John Verdon

658
N'ouvre pas les yeux

658

JH (novembre 2011)


En un coup d'oeil

  • Date de publication : 2010 (Think of a Number).
  • Date de l'édition française: 2011 (Grasset, 441p)
  • Genre: suspense, roman à énigme.
  • Mots-clés: meurtres rituels, énigmes, impossibilités.
  • Personnage principal: Dave Gurney, inspecteur retraité du NYPD.
  • Résumés et commentaires: ici et là.
  • Le site officiel du livre (en français).

À mon avis

John Verdon, ancien cadre de prestigieuses agences de publicité de Manhattan, signe ici son premier roman. En fait, il en a publié récemment un autre (Shut Your Eyes Tight), mais la version française devra évidemment attendre un peu. Quant à moi, je vais m'y coller de ce pas, car son premier roman est une réussite absolue et les critiques américains disent autant de bien de son second.

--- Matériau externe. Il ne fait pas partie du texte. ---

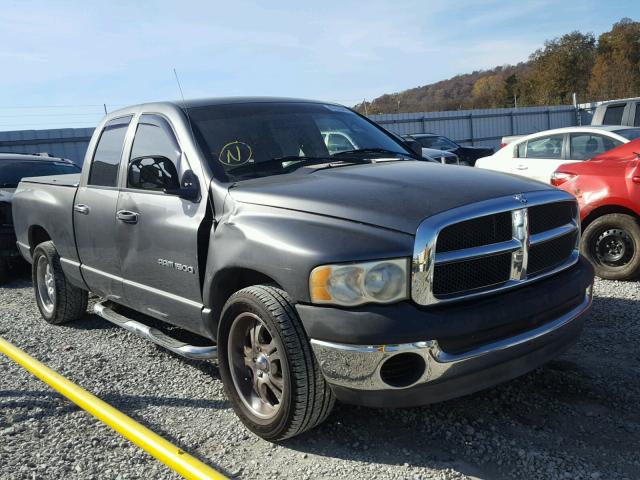 1D7HA18KX4J210333 - 2004 DODGE RAM 1500 S GRAY photo 1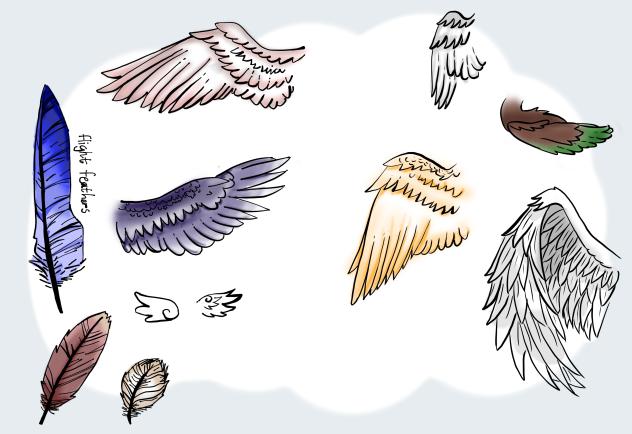 Wing practice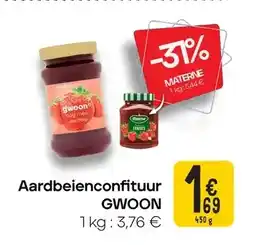 Cora Aardbeienconfituur aanbieding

658 réussit le tour de force de réconcilier le bon vieux roman à énigme, façon Agatha Christie, avec les codes modernes du roman à suspense. Une scène de crime aussi déroutante que les crimes impossibles de John Dickson Carr; un tueur en série implacable, supérieurement intelligent et qui ne commet pas d'erreurs; et un enquêteur qui raisonne aussi rigoureusement qu'Ellery Queen, mais avec combien plus d'épaisseur psychologique!

L'écriture est fluide et efficace, s'effaçant derrière une intrigue qui se déploie comme une mécanique bien huilée. Les personnages secondaires frisent parfois la caricature, mais c'est plus que compensé par le soin apporté à fouiller la psychologie des protagonistes, tout particulièrement Dave Gurney. Un personnage qui a d'abord le mérite de n'être pas alcoolique (ce qui est rare dans les modes actuelles!), d'une intelligence acérée, mais sans le pédantisme des Poirot ou des Lincoln Rhyme, fragile par ses tensions intérieures et pas totalement sympathique, mais complexe et finalement attachant.

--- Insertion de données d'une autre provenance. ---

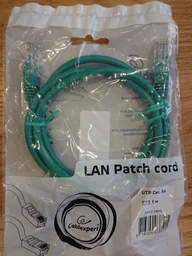 Патч корд Cablexpert CAT5e UTP 1 м Зелений (PP12-1M/G)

Quant aux énigmes diaboliques montées par le criminel comme un défi ouvert à la police, elles sont finalement tout aussi brillamment résolues en fin de course et, de surcroît, à la loyale: sans invraisemblances et sans couleuvres à avaler.

Précipitez-vous! Un polar aussi réussi est un phénomène rare. Même un auteur aussi intelligent que Jeffery Deaver (la comparaison vient immédiatement à l'esprit) a mis des années à arriver à ce niveau de maîtrise. Bon, je vous laisse pour m'en aller lire Shut Your Eyes Tight, la deuxième enquête de Dave Gurney. Surveillez sa sortie en français quelque part l'an prochain (Note de 2012: c'est maintenant fait - voir ci-dessous).

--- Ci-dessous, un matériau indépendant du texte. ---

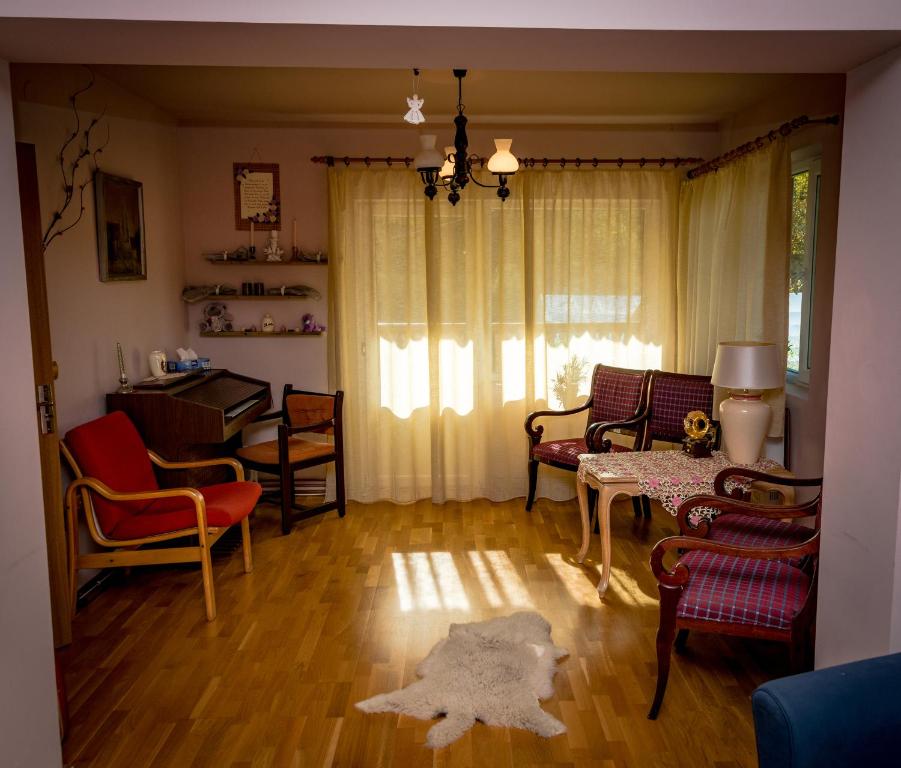 Posezení v ubytování Noring Guest House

Ma note: 5 / 5 et Coup de coeur.

658
N'ouvre pas les yeux

N'ouvre pas les yeux

JH (novembre 2011, actualisé juin 2012 pour la traduction).

Comme promis, j'ai lu ce second roman (en anglais) dans la foulée de 658 ci-dessus.. Le voilà maintenant traduit en français, chez Grasset toujours. Vous en avez un bon résumé sur Les polars de Marine.

À mon avism c'est encore un roman solide. Mêmes personnages (du moins, les gentils!), même crime "impossible" et un autre criminel trop intelligent pour les flics ordinaires et que seul Gurney, Ellery Queen des temps modernes, arrivera à débusquer sur le tard. À recommander, sans hésitation, et Verdon s'annonce un futur acteur majeur dans le domaine du polar à énigme et de procédure policière ... s'il réussit à tenir la distance.

Car après la réussite absolue de 658, on ne peut que redescendre, ce qui est le cas avec ce second roman. Comparé au précédent, les imperfections (mineures, somme toute) apparaissent. L'énigme est moins spectaculaire, moins resserrée dans le temps et dans l'espace; les personnages sont plus nombreux et l'intrigue part dans un plus grand nombre de directions (ou fausses pistes), ce qui lui donne une plus grande complexité mais lui enlève la pureté cristalline de 658.

Quant aux personnages (protagonistes et policiers) du premier roman, on les retrouve tels quels dans le second. Malgré quelques longueurs introspectives, on n'apprend plus rien sur eux. Une fois campés dans 658, ils n'évoluent plus. Les difficultés de communication affective de Gurney et la position passive-agressive de sa femme n'ayant plus l'attrait de la nouveauté, ces pages, pourtant écrites avec talent, donnent une impression de redondance davantage qu'une épaisseur supplémentaire à une psychologie qui semble figée une fois pour toutes.

Mais, malgré ces réserves, ce roman demeure bien au-dessus de la médiocrité du tout-venant du polar.